▶ _Try it_: Leaving out pictures, output exactly the lines below from the one that has "Mens Grandpa Rex" through the one that has "Soft Horizon Stripes Knit Bordeaux", and nothing else.

▶ _Data to examine_:
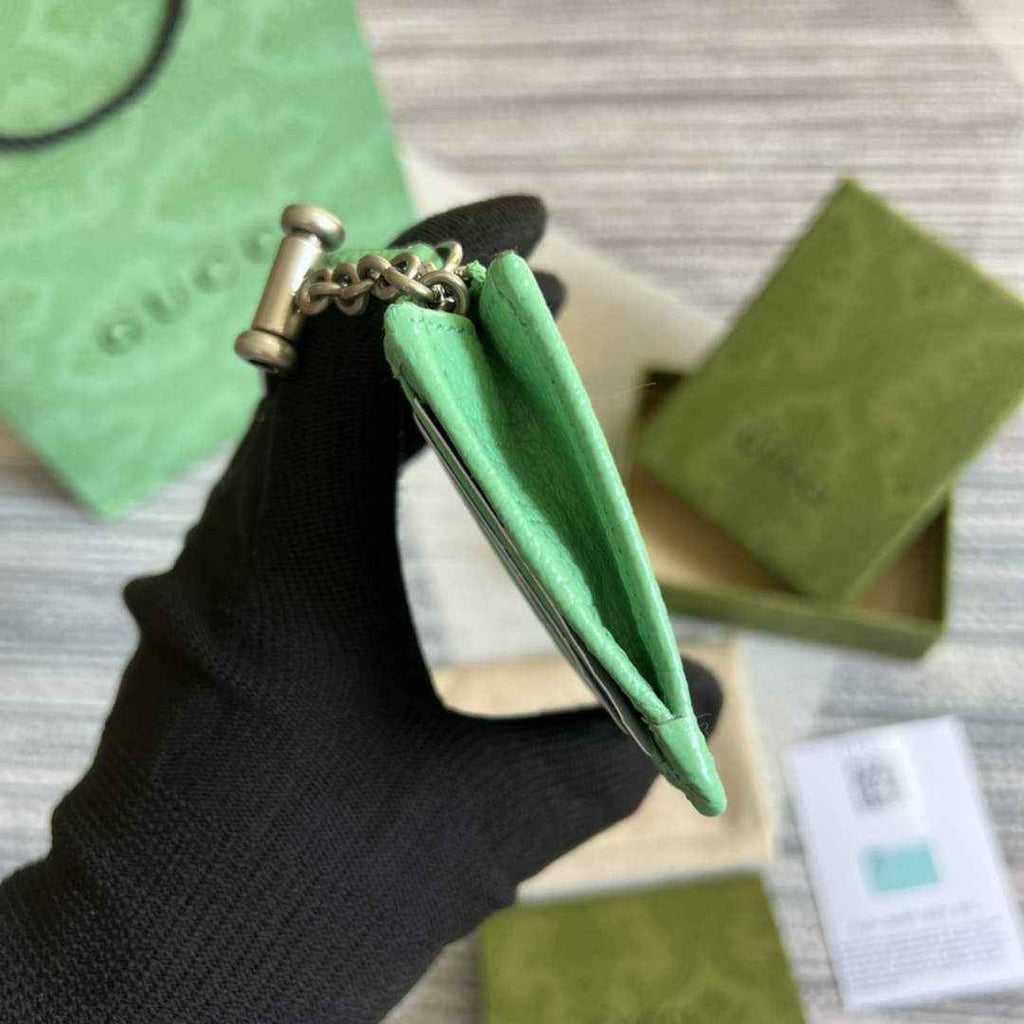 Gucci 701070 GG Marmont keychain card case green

---

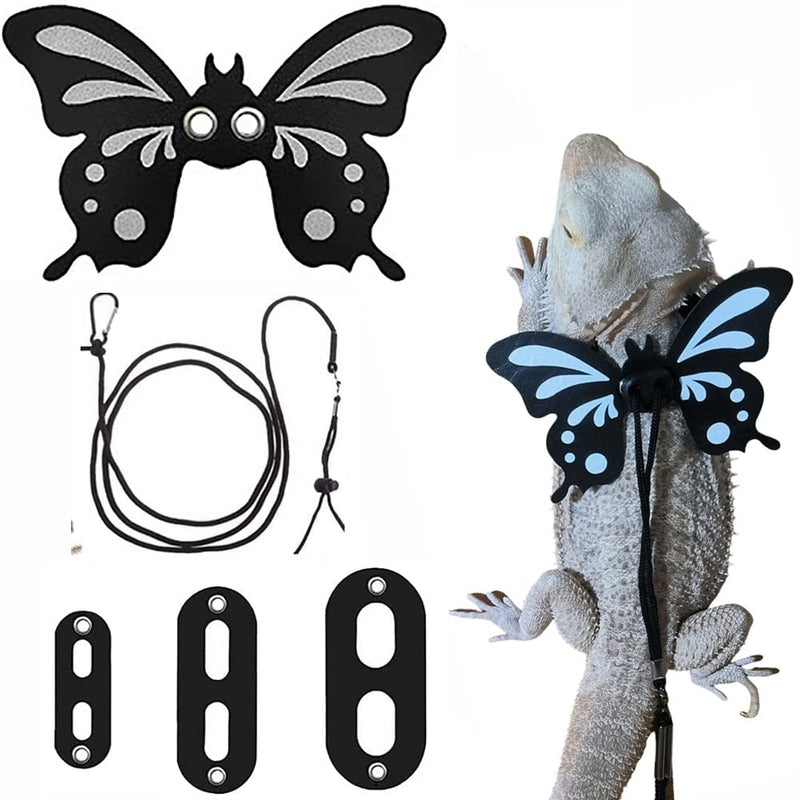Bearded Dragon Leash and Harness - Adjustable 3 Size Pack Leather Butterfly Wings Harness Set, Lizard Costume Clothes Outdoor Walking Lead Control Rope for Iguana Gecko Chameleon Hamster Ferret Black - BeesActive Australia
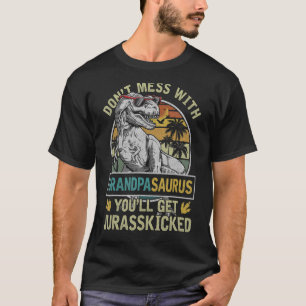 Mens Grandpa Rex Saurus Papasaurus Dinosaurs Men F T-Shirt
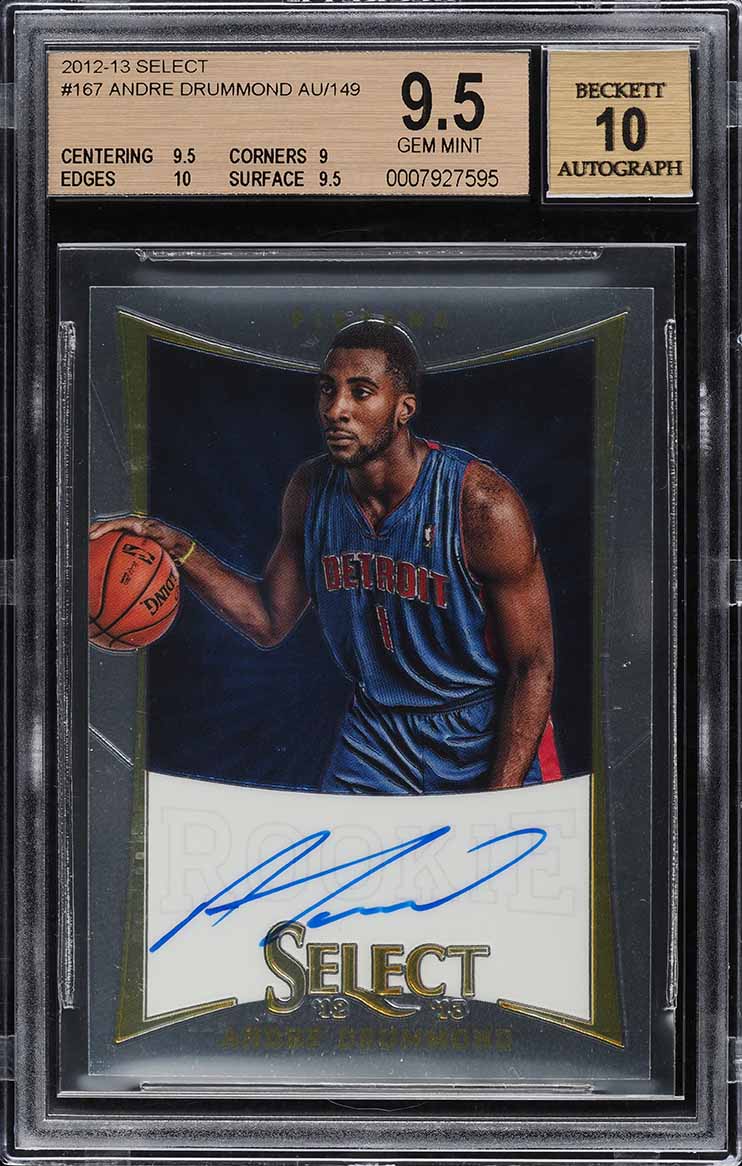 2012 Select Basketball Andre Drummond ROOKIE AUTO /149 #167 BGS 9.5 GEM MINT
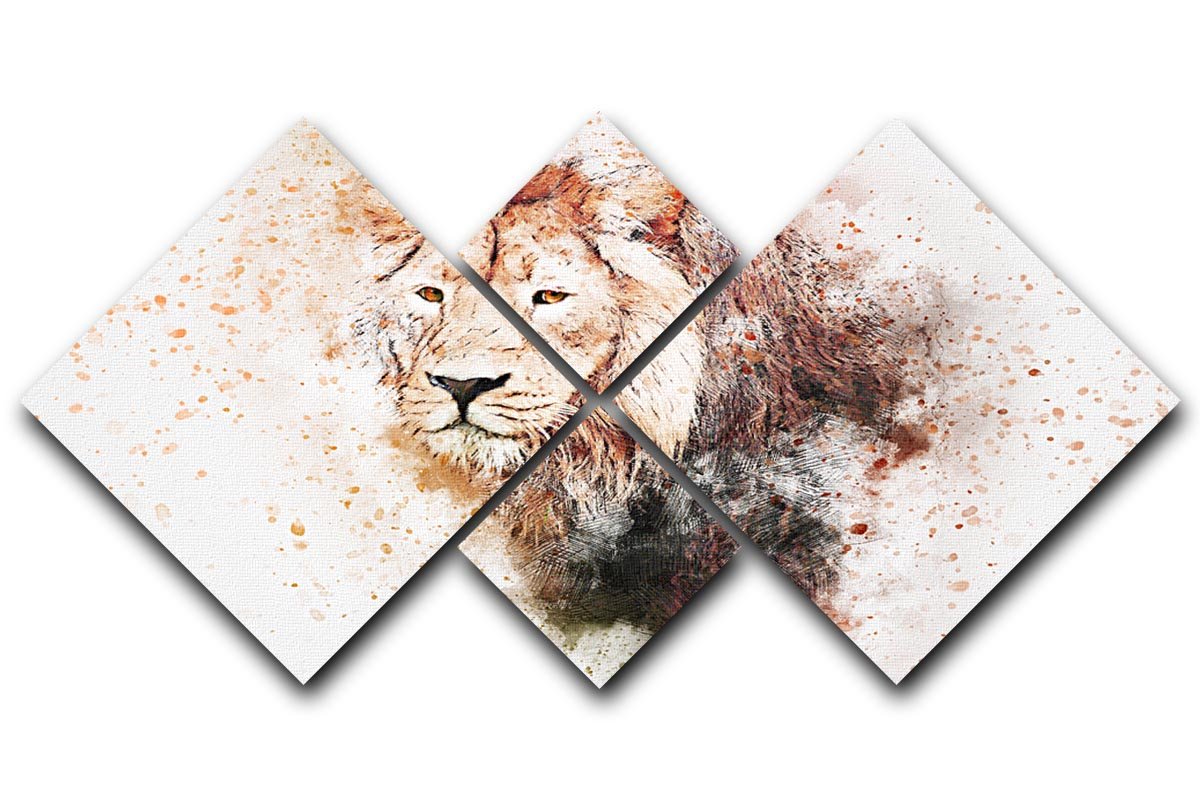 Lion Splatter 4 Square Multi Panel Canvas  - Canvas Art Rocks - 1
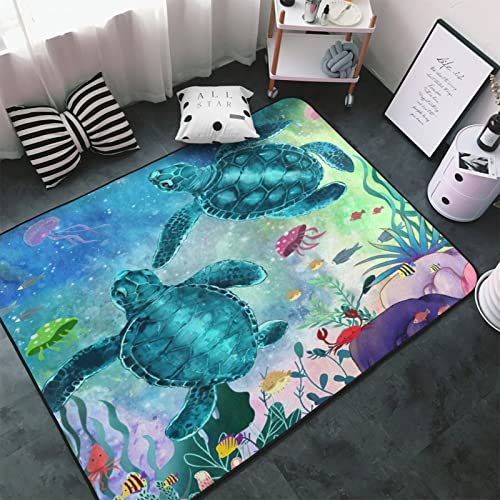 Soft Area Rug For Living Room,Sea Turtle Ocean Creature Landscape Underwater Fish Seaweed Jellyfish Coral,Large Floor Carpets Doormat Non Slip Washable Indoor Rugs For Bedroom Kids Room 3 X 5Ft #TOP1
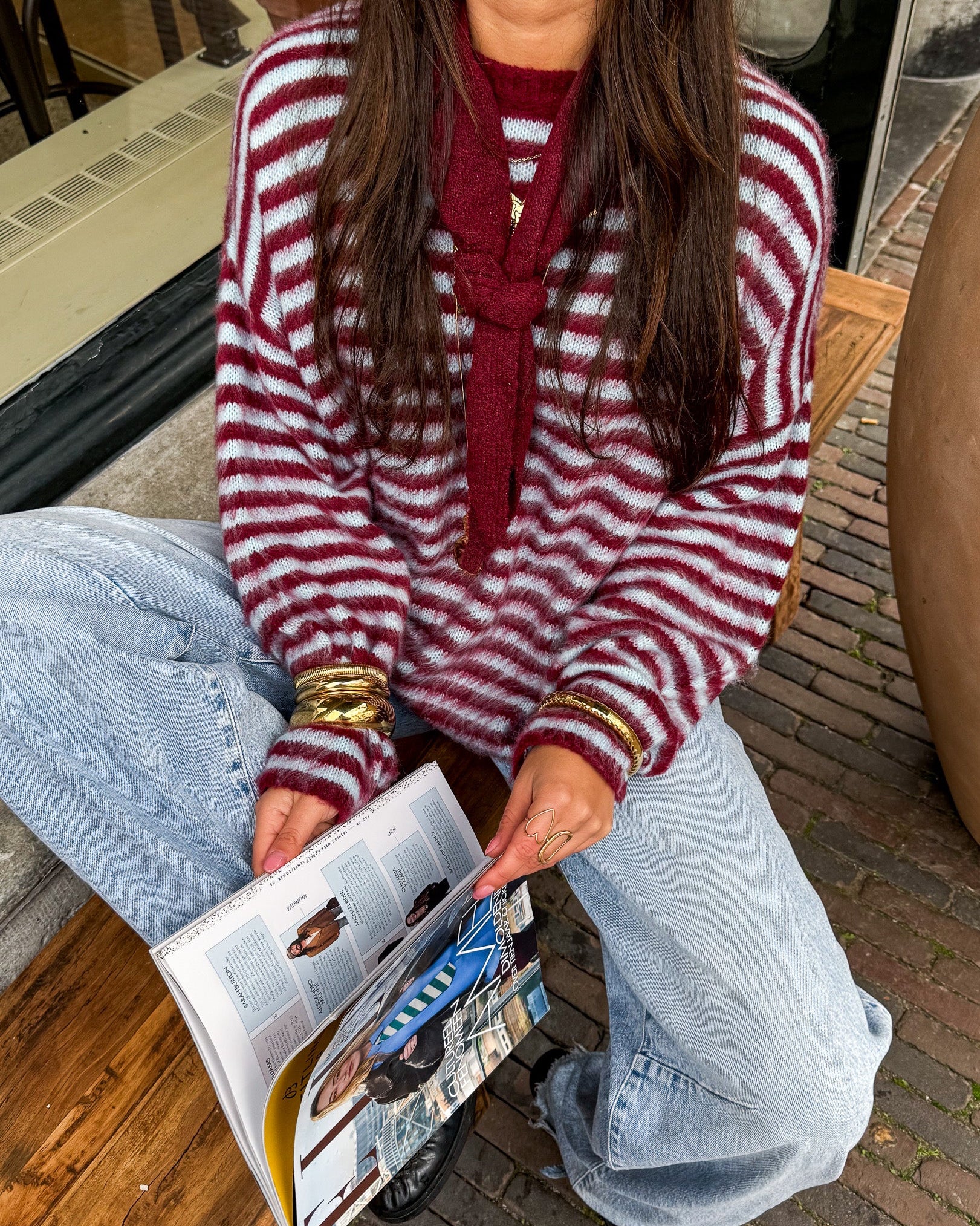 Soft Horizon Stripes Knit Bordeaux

▶ _Written answer_:
 Mens Grandpa Rex Saurus Papasaurus Dinosaurs Men F T-Shirt
 2012 Select Basketball Andre Drummond ROOKIE AUTO /149 #167 BGS 9.5 GEM MINT
 Lion Splatter 4 Square Multi Panel Canvas  - Canvas Art Rocks - 1
 Soft Area Rug For Living Room,Sea Turtle Ocean Creature Landscape Underwater Fish Seaweed Jellyfish Coral,Large Floor Carpets Doormat Non Slip Washable Indoor Rugs For Bedroom Kids Room 3 X 5Ft #TOP1
 Soft Horizon Stripes Knit Bordeaux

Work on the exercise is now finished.